=== AIM OF THE TASK ===
Write out exactly, and only, the lines below from the line with "HASTHIP Microfiber Feather" through the line with "XXL Домашний HD"; pictures do not belong in the copy.

(Beginning of MATERIAL FOR THE TASK)

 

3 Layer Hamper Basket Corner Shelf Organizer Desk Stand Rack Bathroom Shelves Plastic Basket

(End of MATERIAL FOR THE TASK)
(Beginning of MATERIAL FOR THE TASK)

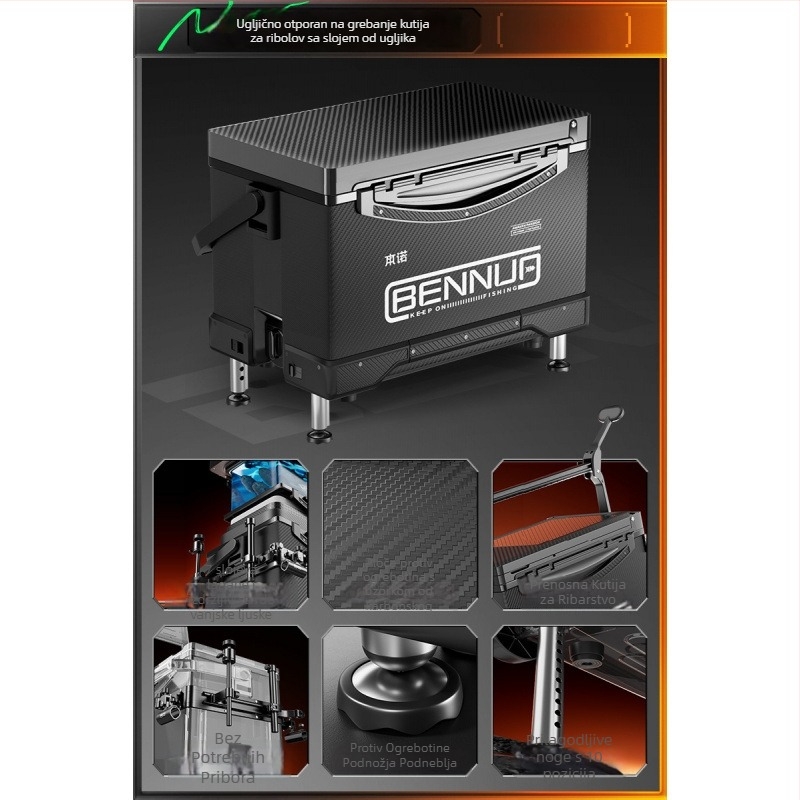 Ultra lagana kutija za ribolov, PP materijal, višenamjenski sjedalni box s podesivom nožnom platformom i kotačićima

(End of MATERIAL FOR THE TASK)
(Beginning of MATERIAL FOR THE TASK)

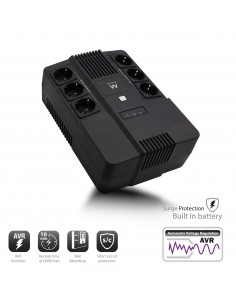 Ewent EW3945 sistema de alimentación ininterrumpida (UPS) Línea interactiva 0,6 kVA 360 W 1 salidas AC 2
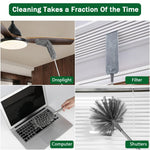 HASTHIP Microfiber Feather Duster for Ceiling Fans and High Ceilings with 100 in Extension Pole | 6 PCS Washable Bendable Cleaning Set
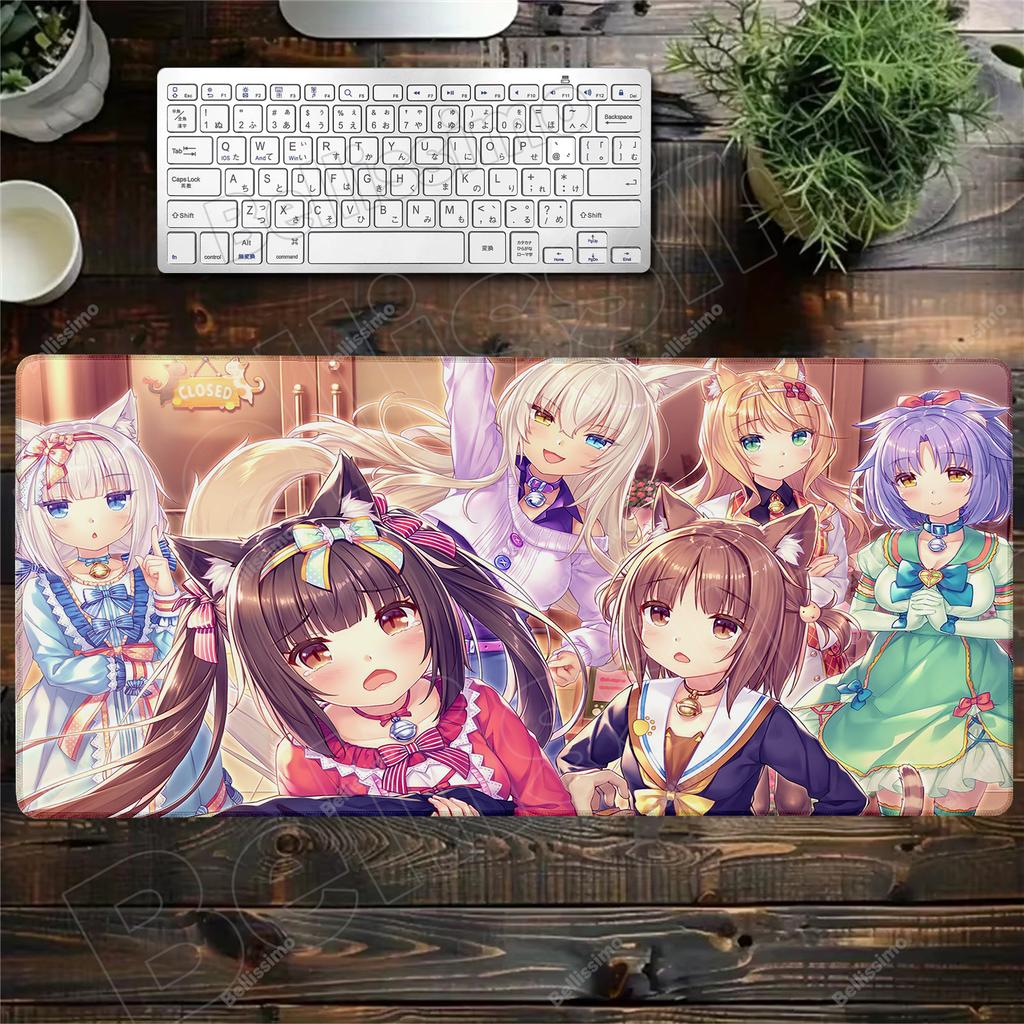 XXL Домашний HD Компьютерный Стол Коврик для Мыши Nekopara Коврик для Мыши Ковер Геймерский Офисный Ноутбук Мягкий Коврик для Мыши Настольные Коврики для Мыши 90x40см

(End of MATERIAL FOR THE TASK)

=== EXERCISE SOLUTION ===
 HASTHIP Microfiber Feather Duster for Ceiling Fans and High Ceilings with 100 in Extension Pole | 6 PCS Washable Bendable Cleaning Set
 XXL Домашний HD Компьютерный Стол Коврик для Мыши Nekopara Коврик для Мыши Ковер Геймерский Офисный Ноутбук Мягкий Коврик для Мыши Настольные Коврики для Мыши 90x40см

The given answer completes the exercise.